“Then she is quite——safe?” said Letitia with a slight shudder.

“My lady!” said the woman with indignation. “She was never but like a blessed lamb even at the worst.”

“I know; I know. She was always gentle. Don’t think badly of me,” said Mrs. Parke, “but I’ve a great horror of—of that sort of thing. Would you mind coming in with me? And just be near me, please, whatever might happen. It would give me great confidence. If you only look at her, it’s enough, isn’t it? Oh! do stay by me when I go in, please.”

“You are doing my poor lady great injustice,” said the attendant with outraged dignity.

“Oh, no—not that—but you’ll stand by me, won’t you?” Letitia said. She went on towards Mary’s door with a slackened step. Not even the assurance she had received, not her conviction that what the nurse said was true, could stand against her conscience, and sense of what she deserved from Mary. She might be a lamb to others, but Letitia had no right to count upon her as a lamb. When she opened the door she looked back and beckoned to the attendant, who was slowly following. “You’ll stand by me?” she said again, and eventually knocked at Mary’s door.

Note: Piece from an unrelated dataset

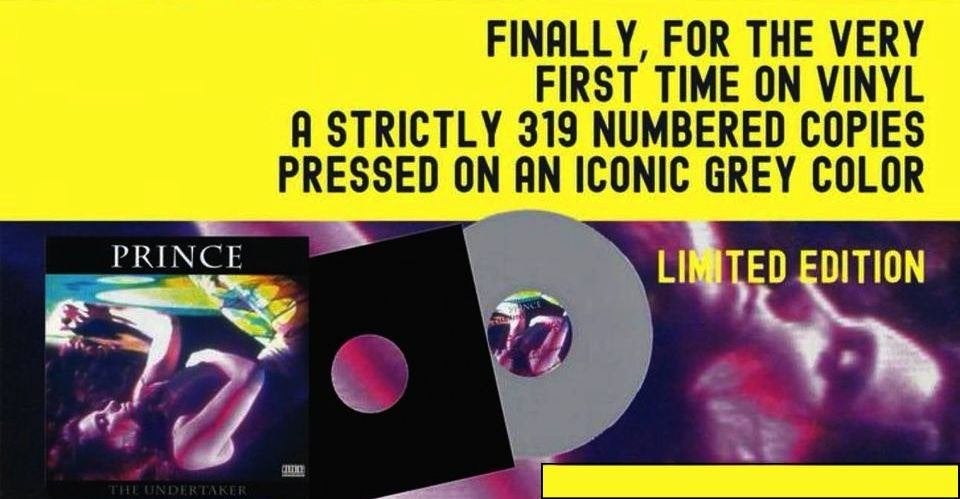 Prince - The Undertaker Vinyl LP (Grey Vinyl Edition), Cd's en Dvd's, LP, Geseald, 12 inch, Nieuw in verpakking
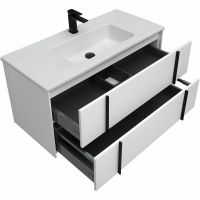 Тумба под раковину Allen Brau Reality 100 1.32007.WM подвесная Белая матовая — фото 18, Тумбы под раковину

Lady Frogmore and her sister were together in the room. Mary had been trying to read a little in a good book. To read anything that might amuse her, that would draw her thoughts from herself and her sorrow, would have been profane, almost wicked. Mary was far too dutiful to think of anything of the kind, but it was not wrong, it was indeed edifying, to read a little of a sermon about heaven. It conveyed, indeed, no idea at all to the poor lady’s mind, and to think of Lord Frogmore as having been swept up among those abstractions was quite impossible: but still it was a right thing to do. She put it down, however, with alacrity when she heard Letitia’s knock at the door, and came forward a step or two as much as was decorous to meet her sister-in-law. A newly-made widow must not hurry forward with extended hands. It is her place to keep still, to have her visitors brought up to her. “Here I and sorrow sit.” Mary was very observant of all the conventionalities; but when Letitia, trembling, came up to her and put her shaking arms around her, Mary responded with a cordiality which overwhelmed the visitor. She held Letitia close, and wept upon her shoulder, Mrs. Parke trembling all the time, restraining herself with an effort of horror from shrieking, and not at all sure that she might not be rent to pieces at the end of the embrace. “Oh, Letitia! it is all over, all over. My poor old lord is gone,” cried Mary, sobbing. She added, a moment after in a voice that went through and through the hearts of the other listeners, but struck upon that of Mrs. John Parke like some strange chord of which she had no understanding, “and after all there is no harm done to you! It is my only consolation. After all there is no harm done to you!”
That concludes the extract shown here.